Living with Wildlife

Not infrequently after looking at a plant or bird picture that we have shared here or on Facebook people ask if they can see our “wildlife” garden … not everyone lives close enough to book one of our guided tours so this is what (part of) it looks like on a cool and rainy Sunday in June. The famous Birds Lido is under the trees just to the right of the stone bench; the stumpery – full of fungi and rot and sheltering spaces – is in the back left out of sight under the larch. What passes for a lawn is, you can see, left pretty much to its own devices, much to the pleasure of insects, Robins and Song Sparrows.  There is a good third of the space that is invisible, and almost unreachable, behind the trees and shrubs where it is greatly appreciated by various critters who we leave to get on with their busy lives mostly undisturbed. When it is as wet as today there are also mosquitoes 😉

We have left small corners of the grassed area, one hesitates to call it a lawn, to grow shaggy in the past but this year have gone the whole hog and have restricted ourselves to only keeping the paths we walk on trimmed. There is a particularly pernicious “weed” by name of Creeping Charlie that has been taking over the sodded grass that was laid after the extension was built and the septic tank replaced three or four years ago. Also known as ground ivy it is a member of the mint family and, yes you guessed, came to this continent with early settlers and liked what it found. We are a no spray garden in a no spray town and this stuff is almost impossible to get rid of without drastic measures so we are learning to like it. If you keep mowing then you just see the small flat leaves out competing the grass but left to run wild it puts up sheets of the most beautiful blue flowers that all the bees, native, bumble and honey, seem to find very much to their liking. It flowers pretty much at the same time as dandelions and is infinitely nicer so it stays and the yellow peril is encouraged to go elsewhere.

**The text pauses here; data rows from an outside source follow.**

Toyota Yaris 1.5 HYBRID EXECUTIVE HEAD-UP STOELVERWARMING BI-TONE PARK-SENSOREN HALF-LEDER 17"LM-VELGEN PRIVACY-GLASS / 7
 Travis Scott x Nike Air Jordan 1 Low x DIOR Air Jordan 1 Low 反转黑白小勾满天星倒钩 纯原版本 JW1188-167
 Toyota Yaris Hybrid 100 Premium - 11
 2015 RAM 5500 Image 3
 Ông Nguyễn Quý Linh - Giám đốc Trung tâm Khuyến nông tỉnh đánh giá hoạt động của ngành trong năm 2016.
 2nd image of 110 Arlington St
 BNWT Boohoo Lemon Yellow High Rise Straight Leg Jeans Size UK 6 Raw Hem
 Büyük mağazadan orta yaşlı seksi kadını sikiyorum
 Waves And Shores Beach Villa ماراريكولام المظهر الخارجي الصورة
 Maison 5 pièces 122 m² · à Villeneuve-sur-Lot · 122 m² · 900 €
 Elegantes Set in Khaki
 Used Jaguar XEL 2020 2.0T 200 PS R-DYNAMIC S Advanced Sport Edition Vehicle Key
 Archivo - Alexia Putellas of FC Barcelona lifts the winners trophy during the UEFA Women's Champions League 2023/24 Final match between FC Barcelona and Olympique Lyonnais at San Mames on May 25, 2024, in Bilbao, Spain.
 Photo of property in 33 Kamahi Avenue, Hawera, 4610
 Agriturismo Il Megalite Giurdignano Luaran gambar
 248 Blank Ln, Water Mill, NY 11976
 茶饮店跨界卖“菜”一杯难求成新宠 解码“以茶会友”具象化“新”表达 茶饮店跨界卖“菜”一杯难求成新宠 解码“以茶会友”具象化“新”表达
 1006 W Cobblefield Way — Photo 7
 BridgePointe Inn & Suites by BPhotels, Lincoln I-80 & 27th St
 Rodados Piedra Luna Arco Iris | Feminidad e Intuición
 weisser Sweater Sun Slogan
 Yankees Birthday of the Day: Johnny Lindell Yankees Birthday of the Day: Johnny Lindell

Meanwhile, the front garden where we are supposed to have “kerb appeal” according to people who believe what real estate agents tell them, has entered its season of serious scruffiness. It has magnolia, rowan and birch trees as well as some young dogwoods and a juvenile viburnum but in spring is bright with daffodills and a host of small blue spring flowers. At the moment the forget-me-not carpet is fading.  All those plants, loved by neighbours, need to replenish resources in their roots and so we leave them to it which means until July heat dries the leaves up it is going to stay scruffy so that next year we can enjoy spring again.

Lastly the viburnum bushes are in full and glorious flower. Lovely complex flowers that will give big sprays of red berries to feed birds, sometimes right though into the winter snows.